_ACTIVITY_. Return each entry word for word and skip its pictures.

(Stored records)

■ ■ ■

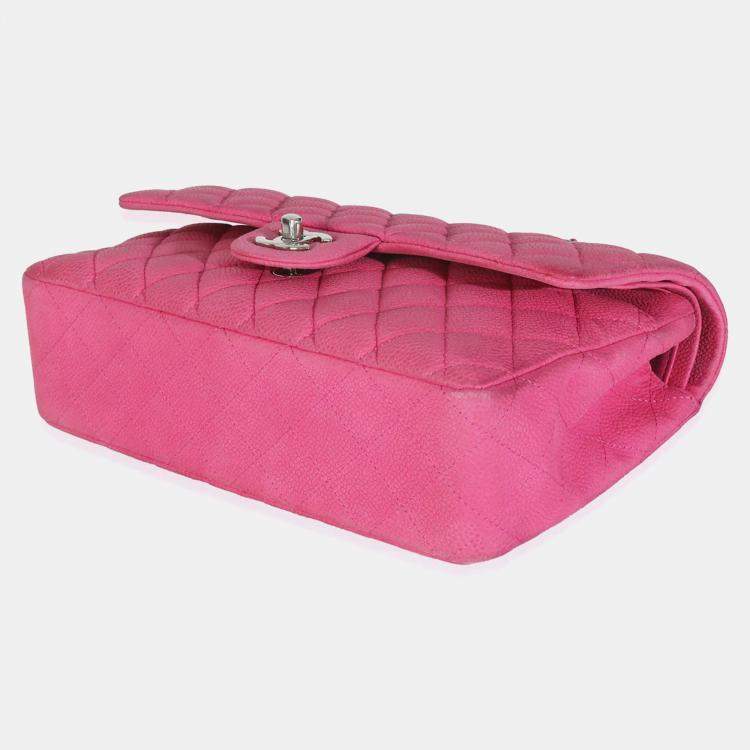 Pre Owned Chanel Pink Quilted Matte Caviar Medium Classic Double Flap Bag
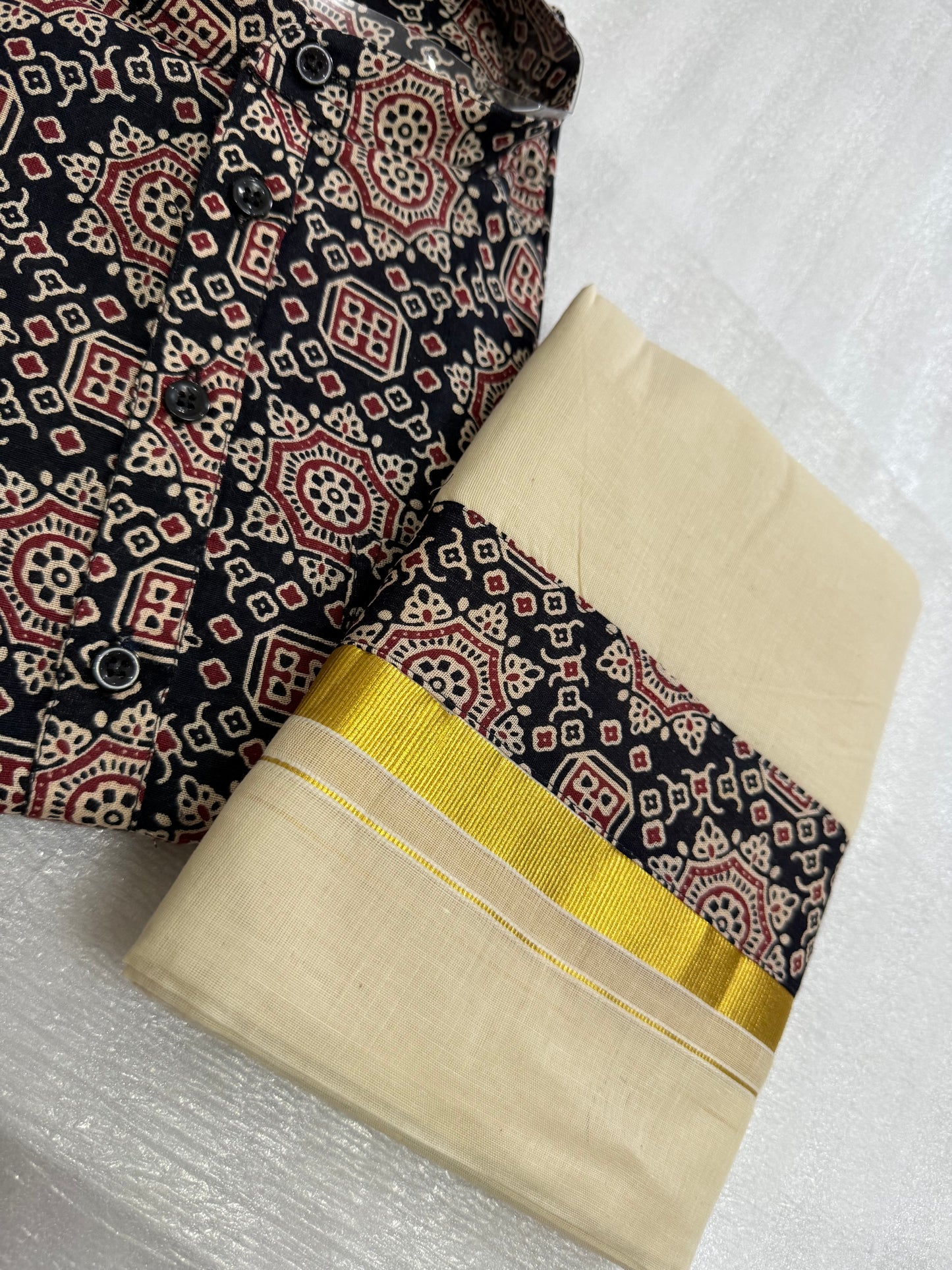 Stylish Black and Red patterned Kurta and Dhoti combo.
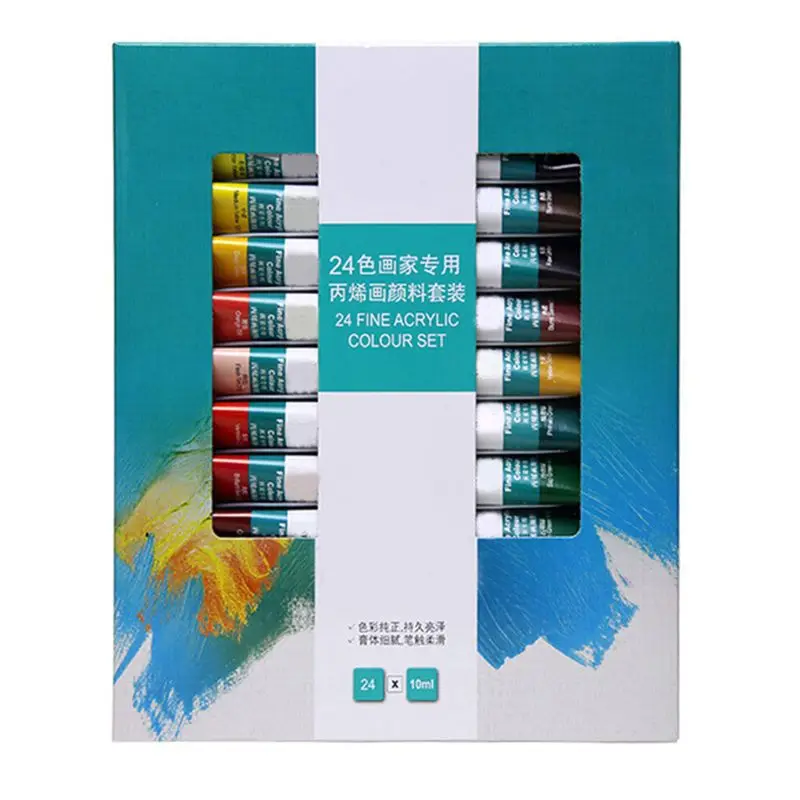 

W3JD 12/18/24 Colors 10ML Tube Acrylic Paint set Art Painting Drawing Tools For Kids DIY Water-resistant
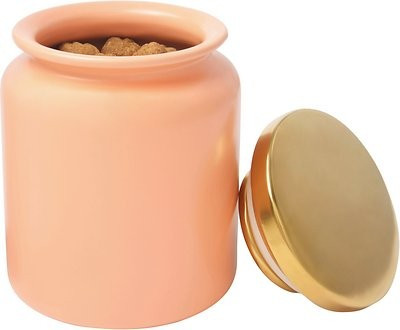 Frisco Modern Gold Rim Ceramic Treat Jar, 5 Cups | Chewy.com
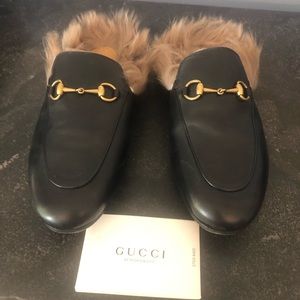 Size 38 Gucci Betis Glamour Mule Shoes Fur Lining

■ ■ ■

_THE ANSWER_.
 Pre Owned Chanel Pink Quilted Matte Caviar Medium Classic Double Flap Bag
 Stylish Black and Red patterned Kurta and Dhoti combo.

W3JD 12/18/24 Colors 10ML Tube Acrylic Paint set Art Painting Drawing Tools For Kids DIY Water-resistant
 Frisco Modern Gold Rim Ceramic Treat Jar, 5 Cups | Chewy.com
 Size 38 Gucci Betis Glamour Mule Shoes Fur Lining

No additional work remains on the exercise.